И ясырка за руку вывела Марусю из оружейной комнаты…
Долго, страшно долго спал Каргин. Бледное зимнее солнце высоко поднялось над горизонтом и забросило свои лучи в маленькую горницу, заиграв на клинках дорогих ятаганов и сабель, брызнуло золотыми точками по тонкой резьбе самопала и, отразившись на старом шлеме, пустило зайчика на тесовый потолок.
Медленно приподнялся Каргин после тяжелого сна, приподнялся, оглянулся и понять не мог сначала, где он и что с ним. Голова трещала по всем швам, во рту и внутри начиналась такая тоска, что хоть умри. Он выпил залпом две кружки квасу, приготовленного чьей-то заботливой рукой, и как будто лучше ему стало. И сразу воспоминания вчерашнего дня нахлынули и охватили его. И это тяжелое пьянство, и тосты полковника, и его безобразное поведение, и ухаживанье Маруси – все встало так ясно перед Каргиным, будто все это сейчас только было. Стыд и сознание несмываемого позора закрались в душу молодого казака, с отчаянием схватился он за голову и бросился вон из горницы как был, в одном расстегнутом кафтане, без шапки и без шубы, добежал до дома и заперся в своей комнате.
Под вечер крепостная сипаевская девка принесла молодому панычу, от панны Марии, шубу, папаху и короткую записку. На ней аккуратно было выведено: «Зачем убежал, не простившись? Нехорошо»..
Захолонуло что-то в сердце у Николая Петровича, и неясные мечты затуманили его голову…
III
…Граф Матвей Иванович Платов был росту большого, волосы имел темные, глаза навылет серо-голубые, отменно быстрые и зоркие, так что в дальности зрения едва ли кто мог с ним равняться, лицо вообще приятное, мина благоприветливая, талия прямая, стройная, в походке легок, осанкою величествен.

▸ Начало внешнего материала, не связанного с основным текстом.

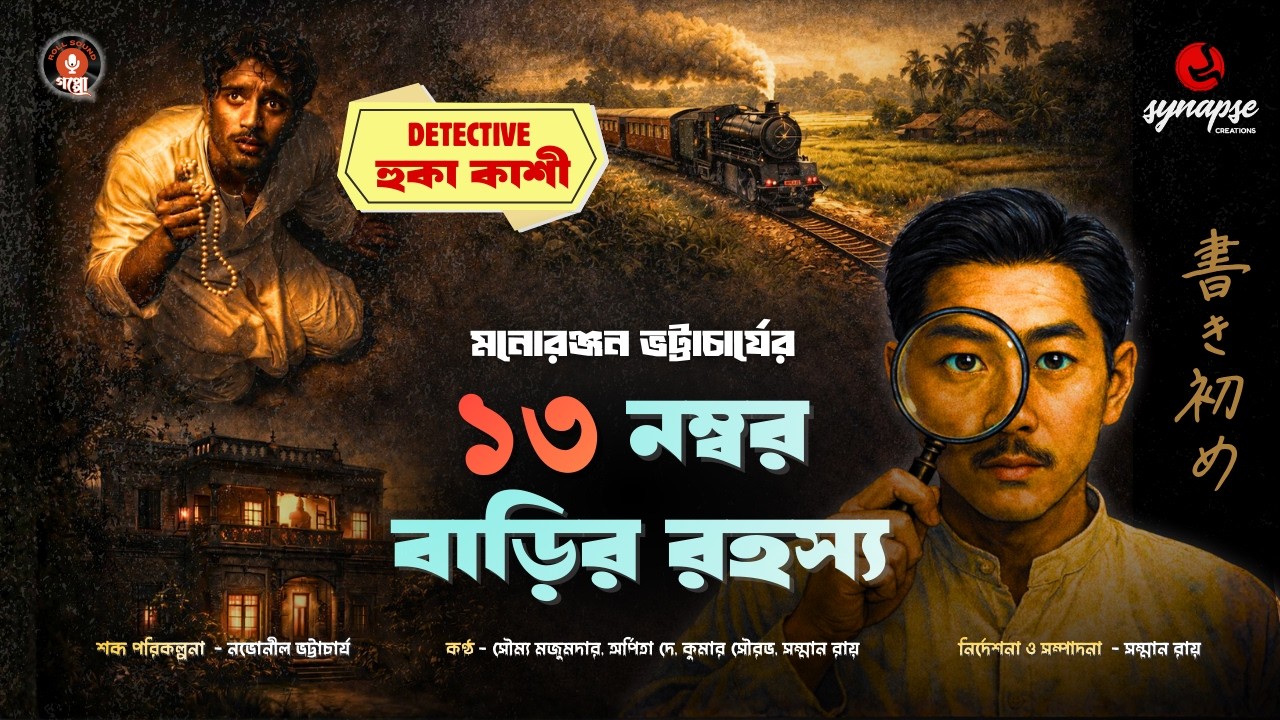 ১৩ নং বাড়ির রহস্য | Detective HUKA KASHI | মনোরঞ্জন ভট্টাচার্য | Bengali Detective Story #suspense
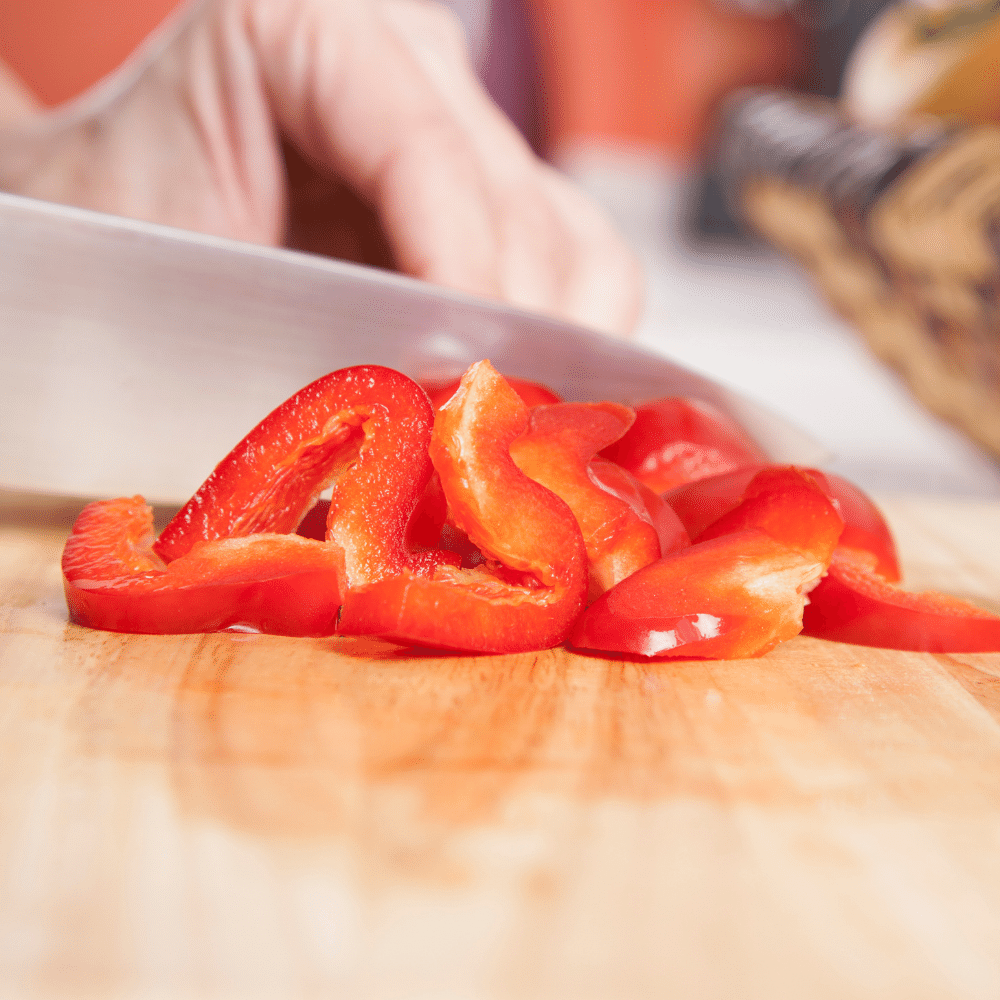 chopped Red Peppers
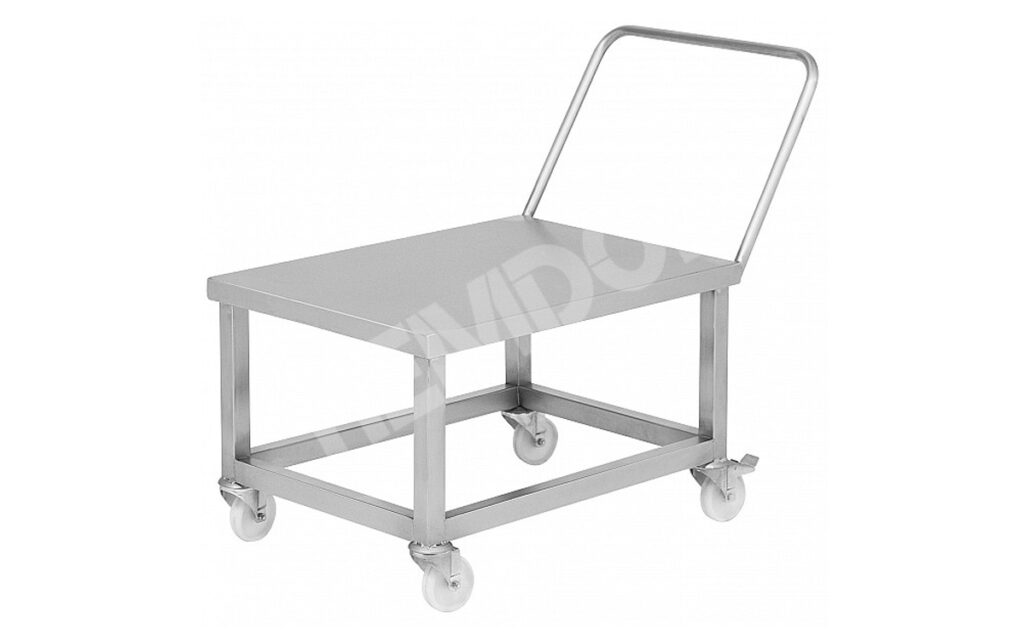 Paslanmaz Kazan Taşıma Arabası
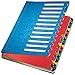 Produktbild Leitz Pultordner, A4, 24 Fächer, Farbige Trennblätter, 3 Sichtlöcher, Karton, Blau, 59140035
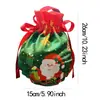 Produtos de Natal Transfronteiriços, Sacolas de Embalagem de Frutas da Paz, Sacolas para Compartilhamento de Presentes para Idosos Felizes, Sacolas de Bem-Estar para Eventos de Festa de Natal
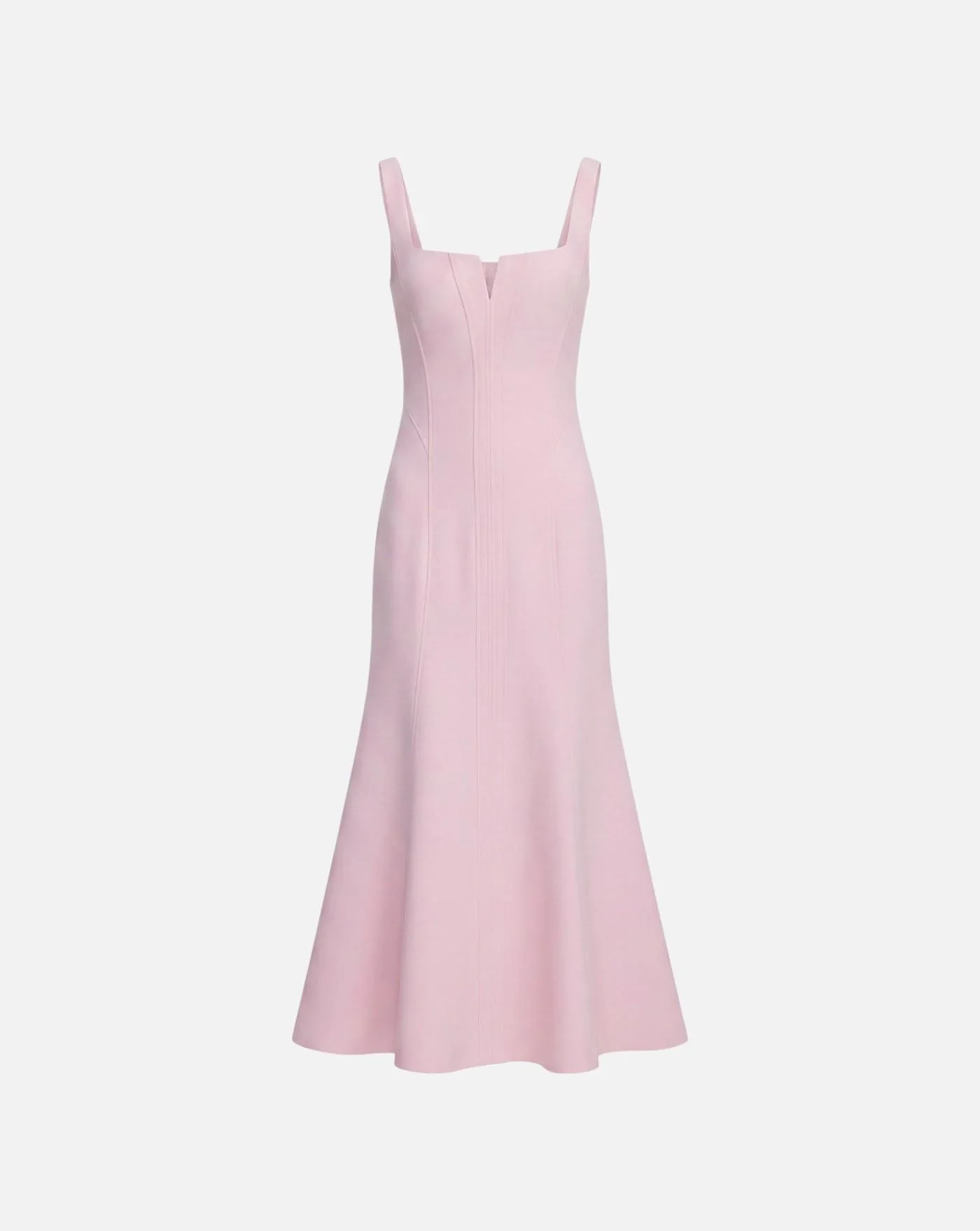 Vestido Self Portrait Pink Crepe Midi Dress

Жизнь и подвиги Платова СмирнагоВ одной из комнат двухэтажного петербургского дома, на широкой мягкой постели, закрывшись по грудь одеялом, лежал немолодой с виду человек. Бойкие, смелые, проницательные глаза его были открыты – он не спал. Усы, черные, слегка всклокоченные, спустились книзу; поредевшие к висхам но совсем мало поседевшие волосы сбились беспорядочными прядями, сбежали на лоб и на уши. Росту человек этот был среднего, сложения крепкого. Изжелта-красное лицо его носило отпечаток вынесенных бурь и непогод. У самой постели, распяленный на стуле, висел генеральский мундир войска Донского, со многими русскими и иностранными орденами.

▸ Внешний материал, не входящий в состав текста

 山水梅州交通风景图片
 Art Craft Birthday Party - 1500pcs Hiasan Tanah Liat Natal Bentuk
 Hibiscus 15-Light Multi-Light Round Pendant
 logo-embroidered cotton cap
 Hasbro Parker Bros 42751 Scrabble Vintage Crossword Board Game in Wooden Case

Человек, недвижно, запрокинув руки за голову лежавший на постели в поздний дневной час, был войсковой атаман войска Донского, генерал от кавалерии Матвей Иванович Платов. Привыкнув на войне проводить ночи без сна на аванпостах, в бесконечных рейдах, поисках и набегах, Матвей Иванович и в мирное время не мог изменить боевых своих привычек. До четырех, до шести часов утра, до самой зари сидел он, занимаясь делами по управлению войска, а чуть светало, ложился спать – и чуток, и краток был сон его. Просыпался он в восемь, в девять часов, но, чтобы дать отдохнуть измученному телу, продолжал лежать, соображая план действий на день: что надо сделать, когда и как исполнить. И теперь, в январский морозный день 1812 года, лежа на кровати в петербургской квартире, он обдумывал свои дела.

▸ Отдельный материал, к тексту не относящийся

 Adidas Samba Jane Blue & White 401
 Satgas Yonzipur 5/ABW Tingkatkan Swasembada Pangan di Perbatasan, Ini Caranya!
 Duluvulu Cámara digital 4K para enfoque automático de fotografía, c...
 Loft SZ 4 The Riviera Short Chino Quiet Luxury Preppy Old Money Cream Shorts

«Зван я на обед к императрице Марии Федоровне, – думал Платов. – Это часам к четырем надо прибыть в Зимний дворец. Господи! до чего ты возвышаешь человека! Думал ли я когда-нибудь, играя в Старо-Черкасской станице в айданчики[11], что буду знаменитым атаманом. Да, сподобил Господь! – Взгляд Платова скользнул по орденам мундира, по богатому генеральскому шитью воротника… – Да, можно сказать, – а ведь чуть не сорвалось… «И вспомнил Платов свою молодость, ординарческую службу у Потемкина, пышных вельмож. Ловок, хитер и угодлив был Платов. Умел он красным, острым словцом вызвать улыбку на лице своего шефа, умел лихо исполнить «порученность», умел из самой сечи неприятельской вырвать бунчук или знамя. Персидский поход графа Зубова припомнился ему. Молодой вельможа, только что вошедший в милость, неопытный в военном деле – и Платов его постоянный наставник и учитель.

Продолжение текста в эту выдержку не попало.